*** Opening DATA PROVIDED ***

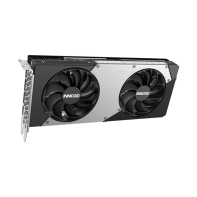 Купить Видеокарта Inno3D GeForce RTX 5070 TWIN X2 [N50702-12D7-195064N] в Алматы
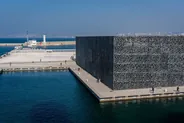 MuCEM et fort Saint-Jean, Marseille et les Calanques, Provence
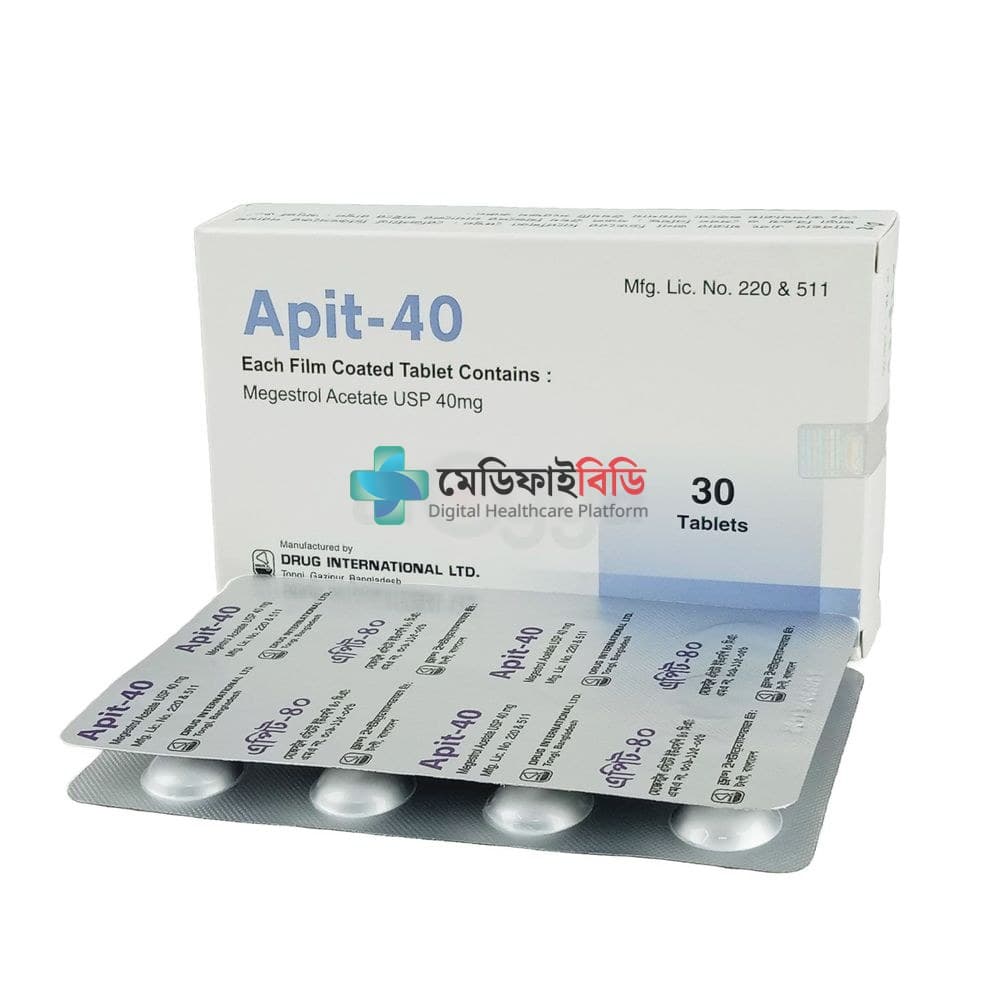 Apit 40 40mg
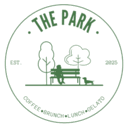 The Park all day logo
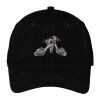 Soft Brushed Canvas Cap Thumbnail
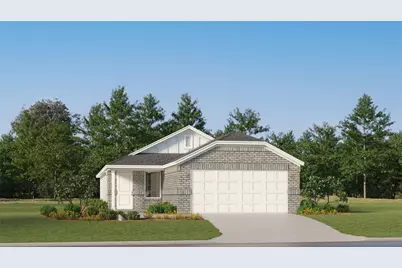 13539 Bay Springs Drive, Conroe, TX 77303 - Photo 1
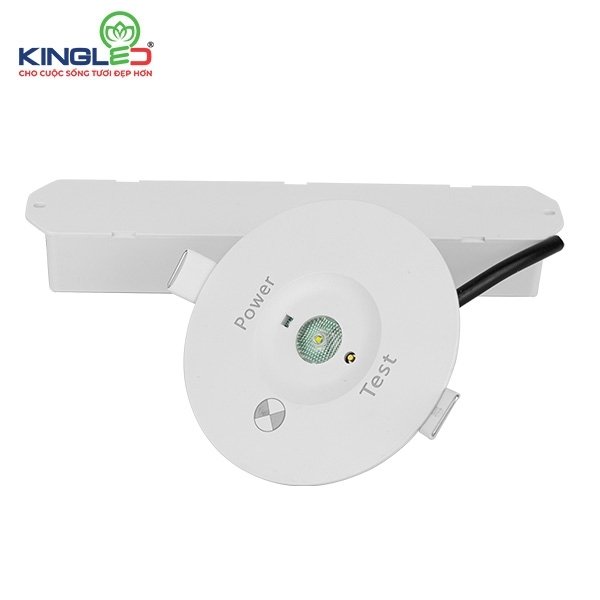 ĐÈN DOWNLIGHT KHẨN CẤP 3W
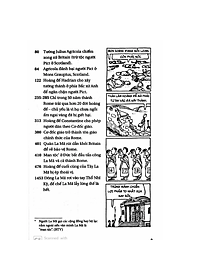 Sách Horrible Science - La Mã Bại Xụi (Tái Bản)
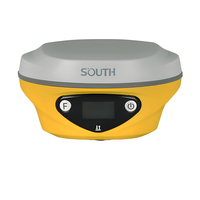 Offre Spéciale Station RTK ALPS1 SOUTH Total Visual Laser GNSS RTK IP68 Récepteur GPS/GNSS Constellation Complète Instrument de Topographie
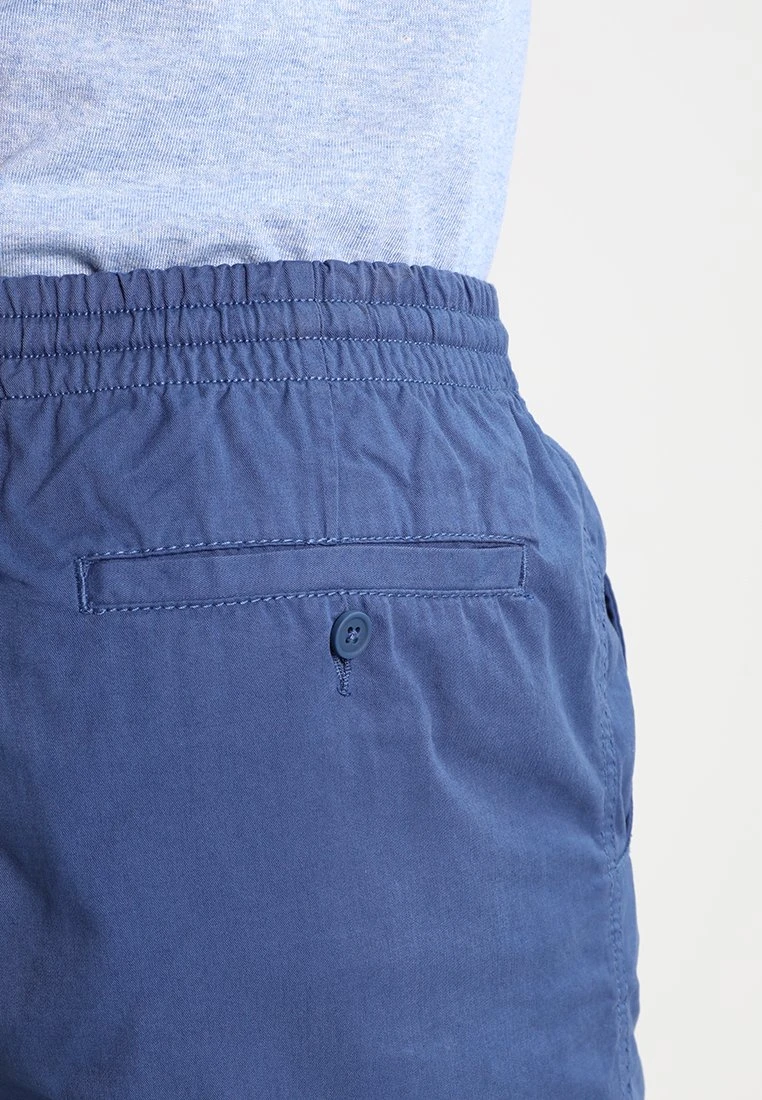 Pier One Shorts - Blau 7 Pier One Shorts - Blau – Bild 5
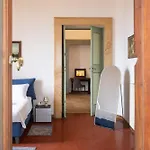Apartamento Imperial - Palazzo Storico Affreschi Del 1600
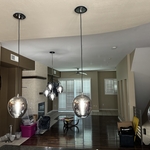Pendant / Chandalier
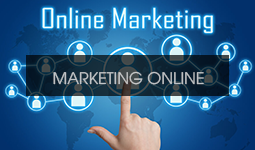 Dịch Vụ Marketing Online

*** Closing DATA PROVIDED ***

WHAT NEEDS TO BE DONE »
A word-for-word copy of the lines from the start of the listing through the line containing "Pier One Shorts - Blau 7" is the answer. Pictures stay out of it.

RESULT OF THIS EXERCISE »
 Купить Видеокарта Inno3D GeForce RTX 5070 TWIN X2 [N50702-12D7-195064N] в Алматы
 MuCEM et fort Saint-Jean, Marseille et les Calanques, Provence
 Apit 40 40mg
 The Park all day logo
 Soft Brushed Canvas Cap Thumbnail
 13539 Bay Springs Drive, Conroe, TX 77303 - Photo 1
 ĐÈN DOWNLIGHT KHẨN CẤP 3W
 Sách Horrible Science - La Mã Bại Xụi (Tái Bản)
 Offre Spéciale Station RTK ALPS1 SOUTH Total Visual Laser GNSS RTK IP68 Récepteur GPS/GNSS Constellation Complète Instrument de Topographie
 Pier One Shorts - Blau 7 Pier One Shorts - Blau – Bild 5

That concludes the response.